For anyone still struggling to understand exactly what the Beeb's fourteen envelope parameters actually do, this program gives as clear an idea as anything I've seen, for not only are the envelope shapes displayed graphically, you can play the note you've created using your Beeb as a sort of synthesiser keyboard: white notes on the keys from CAPS LOCK to RETURN, black notes between TAB and £. It's polyphonic, too, using all three tone generators to enable you to play chords and another row of keys (Z to ,) for noises from channel 0.

The menu allows you to store your new envelope in any one of the remaining fifteen locations, to summon up one of the others, to save envelops you've created on tape or disc, to load new ones, and finally to jump to the second program, 'The Player'. But don't jump until you're ready. It's impossible to get back into 'The Sound' without reloading from the beginning - which is particularly tedious when using cassette.

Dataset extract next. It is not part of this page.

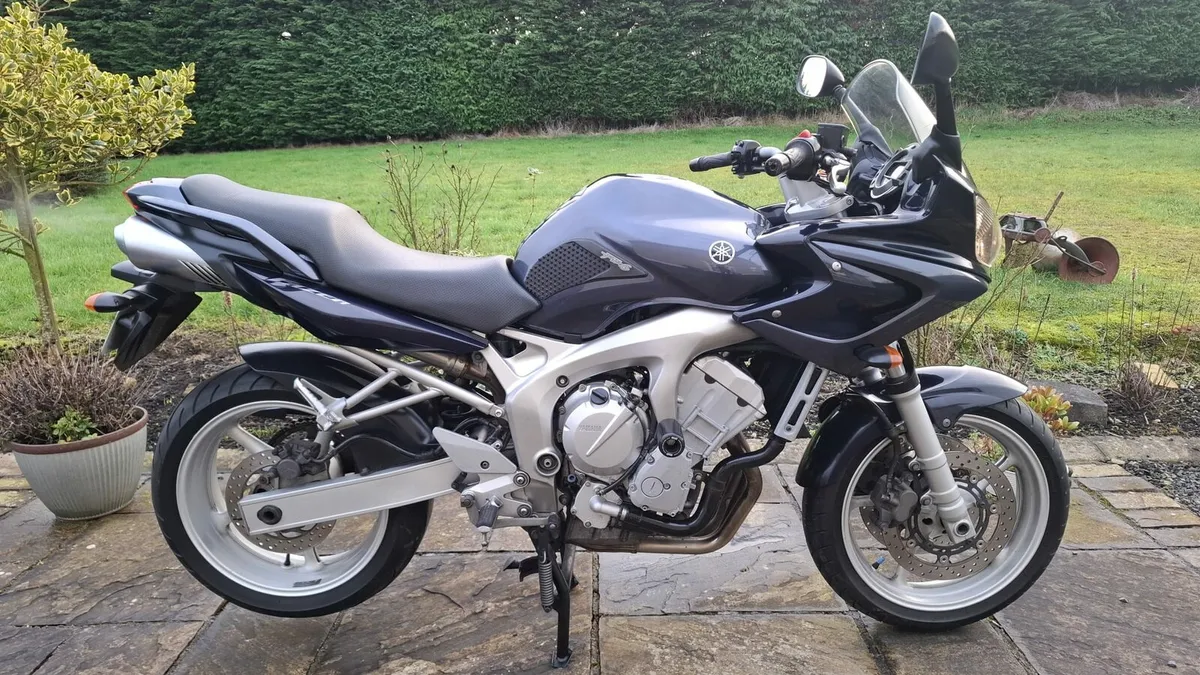 YAMAHA FZ6 2004 FUEL INJECTION - Image 1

Once you've set yourself up with sixteen delightful envelopes (and yours couldn't be any worse than the sixteen supplied with the software), you're ready to make music with them. 'The Player' retains the synthesiser keyboard effect, but this time as you play notes, they appear displayed on two musical staves (treble and bass clefs), romping across the screen from right to left. The speed at which they travel is adjustable, and you can play with or without a metronome ticking out the tempo.

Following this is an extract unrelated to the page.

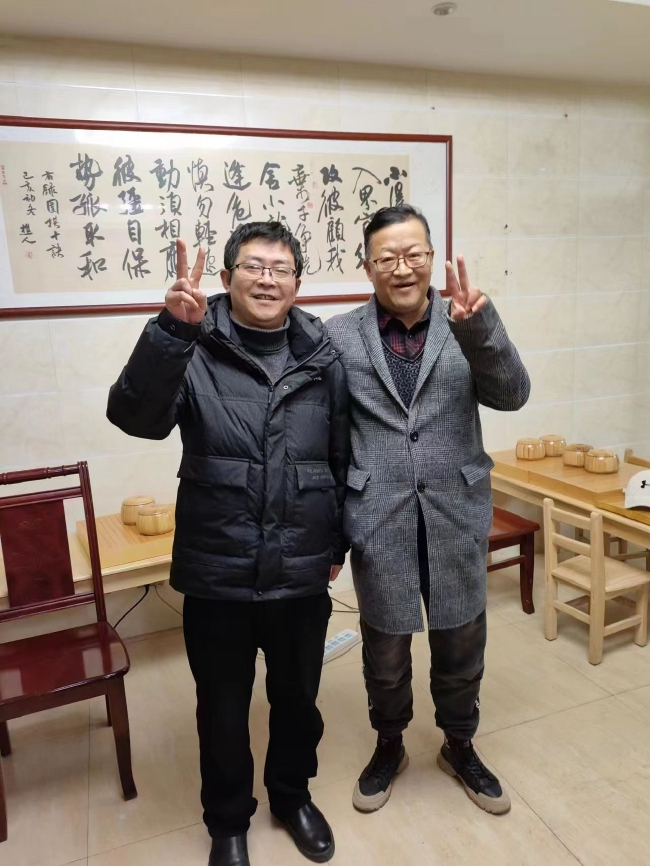图一：同学失联37年，棋盘上“试应手”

You can still play polyphonic chords and choose between the sixteen envelopes you have on board. In fact, you can use two at the same time by 'splitting' the keyboard at the note of your choice - for example, anything you play above middle C is envelope 12. The bottom row of keys still operate channel 0, so various percussive effects can be thrown in for good measure.

It's not easy to play satisfactory music 'live' (qwerty keyboards weren't designed for that), but it's only a short step from playing music to 'recording' it with the Sequencer. This allows you to store tunes of considerable length (up to 1024 beats of the metronome), one channel at a time, then to record another 'track' as the first one plays back, then another on top of that - plus a percussion track on channel 0 if you wish. If you make a mistake, individual notes on individual channels can be deleted, inserted, or altered for pitch or duration. Finally, when you've created a 1024-beat, four-voice masterpiece, you can save the whole sequence on tape or disc.

If that sounds like a lot of complicated operations, it is. But writing polyphonic music is a complicated operation however you do it and the Beeb's sound facilities wouldn't be so interesting if they weren't so complex. Of all the current software designed to 'reord' three or four-channel music on the BBC Micro, this program is perhaps aimed particularly at the musician. Not only do you enter your notes by 'playing' the keyboard, rather than digitally, you also see something like the written melody on the screen, which helps if you're familiar with written music.

Congratulations to the author, Geraint Wiggins, for two clever and practical programs, a clear and informative instruction booklet - and a quite brilliant example piece for the Sequencer, to demonstrate just what is possible.